Posted by Karen Buck, MP for Regent's Park and Kensington North, at 13:32, Thu 12 October 2006:

To the Annual General Meeting of the Citizen’s Advice Bureau, to mark another year in which a small and dedicated team of staff and volunteers stand between thousands of anxious and sometimes desperate people, and debt, repossession, arrears, eviction and more. What an impressive bunch they are. Like their counterparts in the local law centre and other key advice organisations, such as CHAS and the Central London Advice Service in Church Street, they offer services which range from simple signposting to high level support with appeals in what must be one of the most challenging environments in the whole country.

We may, in many respects, be getting smarter as a society (and, whatever the doom-mongers like to say, I believe we are), but the simple fact remains that simultaneously, society is getting more complex, and many people struggle to keep up.
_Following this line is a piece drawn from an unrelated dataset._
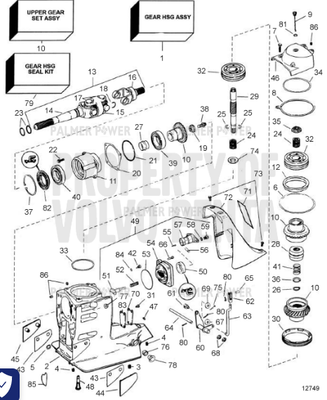 Order VOLVO PENTA 3852513 Insert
Whether this is older people who back away from the impersonality of telephone advice lines, people with mental health or alcohol and drug problems; people with no fixed address; the substantial minority who struggle with functional literacy, those who first language is not English or those without access to a computer, in my experience, something approaching one person in three has some difficulty with the official, or even the commercial world. (Of course, the world of benefit application forms and hire-purchase agreements is not exactly user-friendly to begin with. I remember visiting the head offices of the Benefits Agency a few years ago, to be told proudly that forms were now available in a number of commonly-used languages. ‘A pity’, I told them, ‘that none of these include English’’. There is something about the computer-generated letter that defies understanding, even if you have a doctorate in analytical linguistics).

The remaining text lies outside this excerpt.